The Death of Maggie McKinnley


I gazed at my family through elderly eyes while Father Jacob preformed my last sacrament.  Jack, my husband of 50 years, held my hand and tried to blink his tears away as the Father finished his prayer on a solemn 'Amen'.

I squeezed Jack's hand and gazed at the others that were gathered around my hospice bed.  They spoke in hushed tones and their faces were stained with sorrow but they’d never looked more beautiful to me.  Three generations of my family, gathered around me, at the end.

My doctor had been slowly increasing the amount of morphine flowing through my IV drip all day. I felt better than I had in a long time - since before Cancer swapped my life for pain.

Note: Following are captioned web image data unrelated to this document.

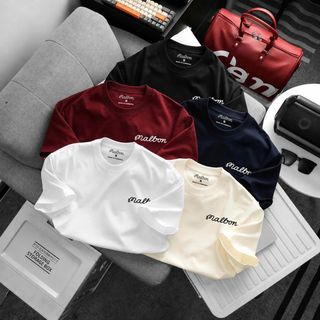 T shirt nam/ nữ.  Chất vải cotton 4c mịn mát,dày đẹp,hàng chính phẩm loại 1. Hình in sắc nét.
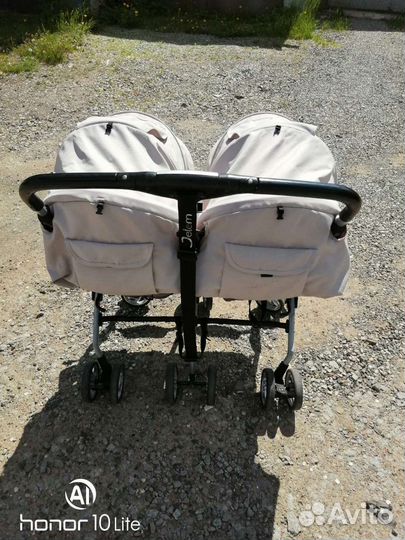 Коляска для двойни или погодок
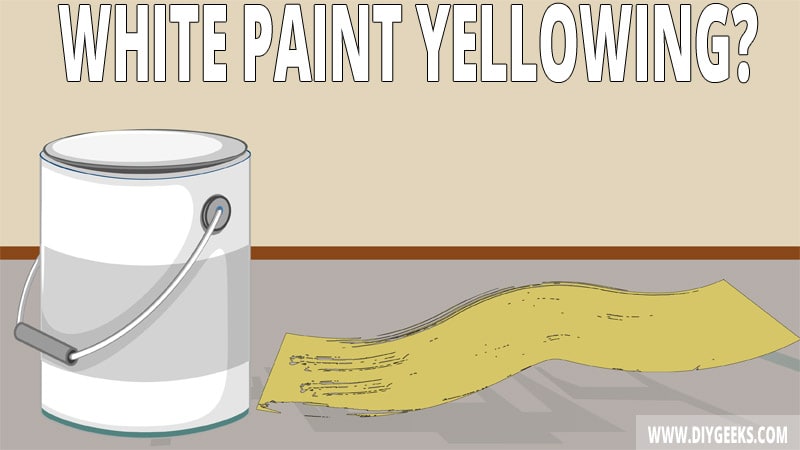 Having white paint turn yellow isn't something you want. So, here's how to fix the white paint that is turning yellow. You first have to know the reason why, then use baking soda, TSP, or sand and re-paint it.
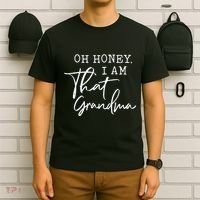 Oh Honey I Am That Grandma MotherS Day T-Shirt thumb 6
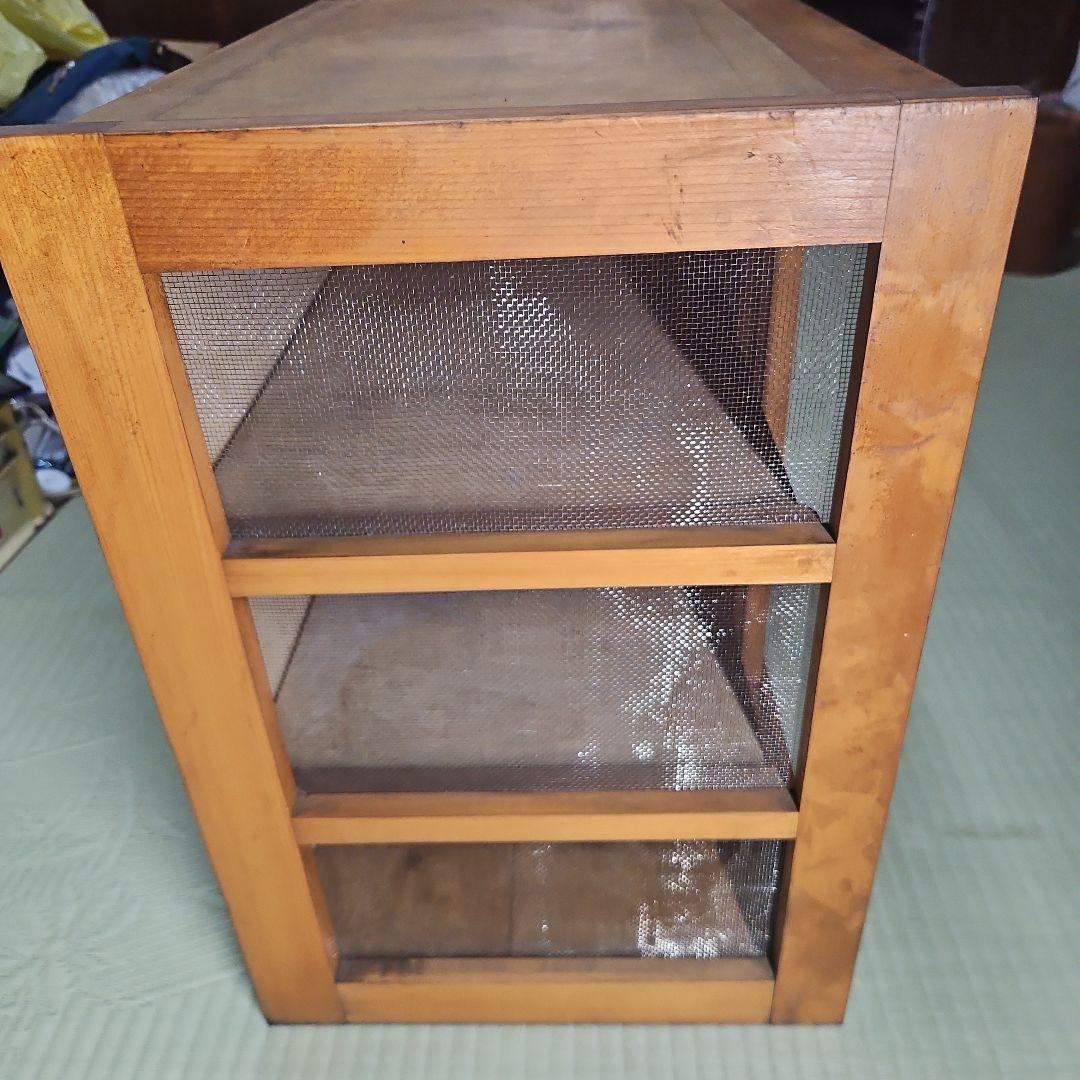 昭和レトロ　食器　水屋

My eyelids were so heavy. I closed them - for a moment. I realized I was dying but I wasn't afraid. It was so deeply comforting to be surrounded by people who loved me. Struggling to keep my eyes open, I tried to tell my family "I love you" with my last breath and then everything went black.

I woke up to the most intense physical pain I’d ever experienced.  Every nerve in my body was either on fire or 37 degrees past hypodermic - I couldn’t quite tell.  At first, I kept my eyes closed tightly against the unyielding pain - hoping it would pass. It didn't.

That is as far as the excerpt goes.